INFORMATION PROVIDED START

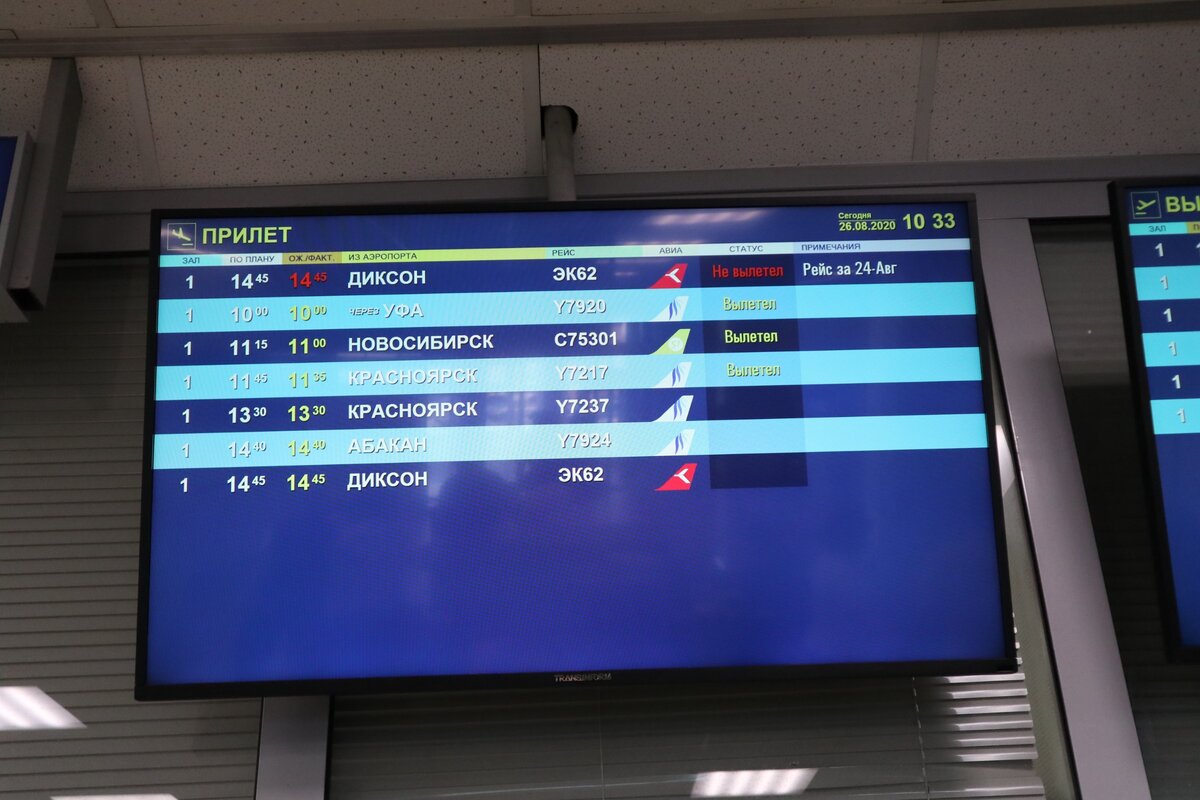 Аэропорт норильска табло вылета и прилета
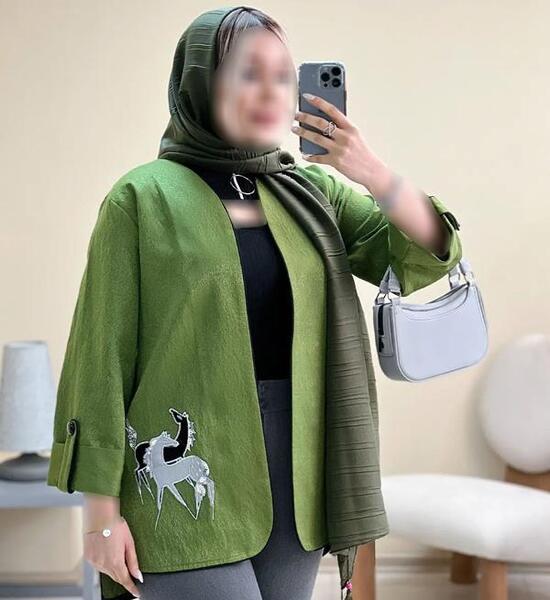 عکس مدل مانتو جدید استین پاکتی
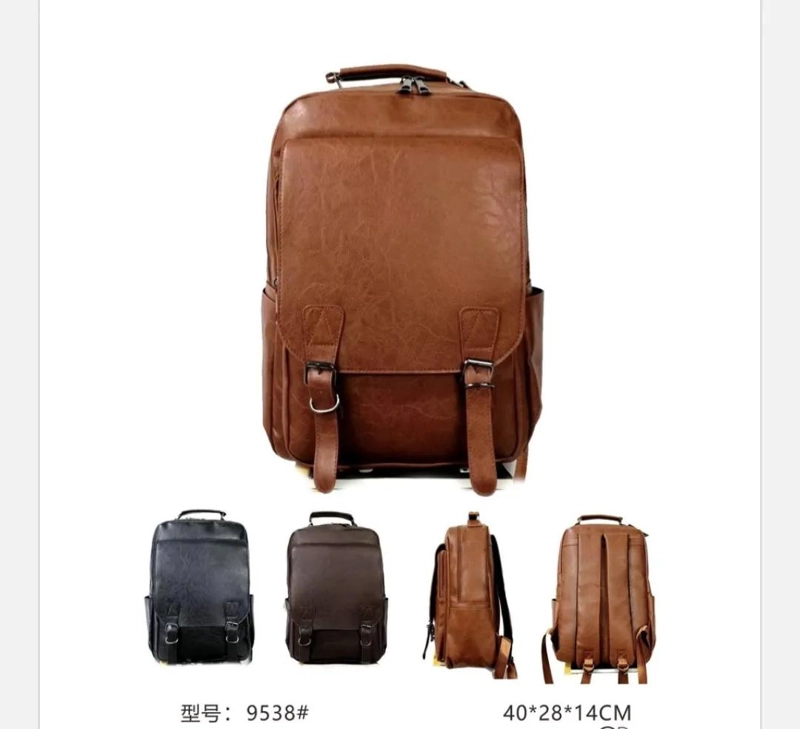 MOCHILA IMPERMEABLE MULTIFUNCIONAL UNISEX DE CUERO DURADERO - 5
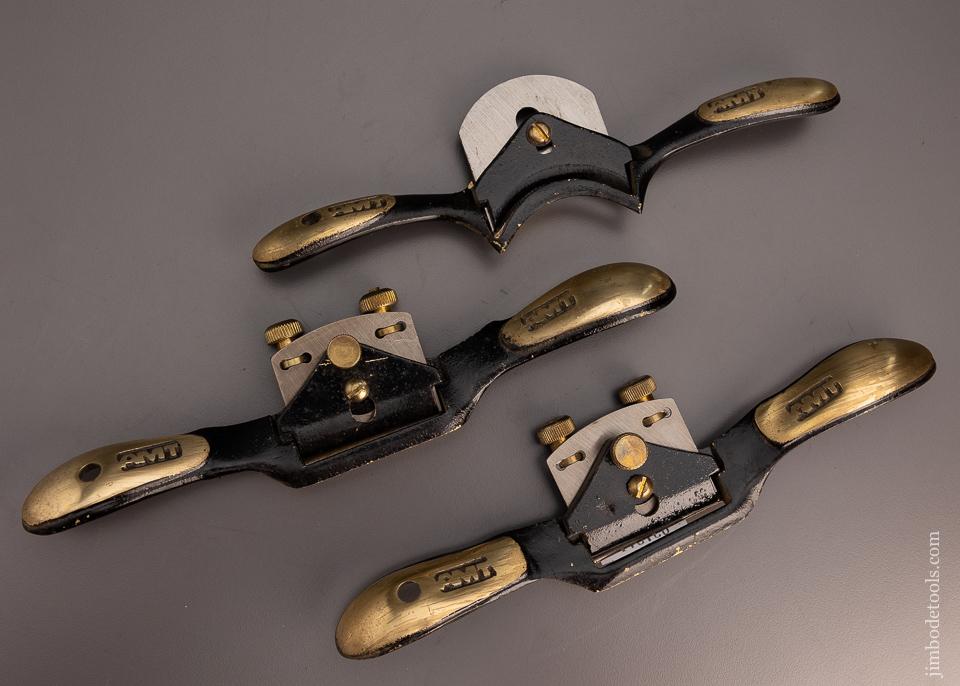 Set of 3 Large AMT Brass Spokeshaves - 97571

INFORMATION PROVIDED END

[BRIEF] Write down exactly the lines running from the line with "عکس مدل مانتو جدید استین پاکتی" through the end of the material, both ends included, and none of the pictures.

[OUTPUT FOR THIS EXERCISE]
 عکس مدل مانتو جدید استین پاکتی
 MOCHILA IMPERMEABLE MULTIFUNCIONAL UNISEX DE CUERO DURADERO - 5
 Set of 3 Large AMT Brass Spokeshaves - 97571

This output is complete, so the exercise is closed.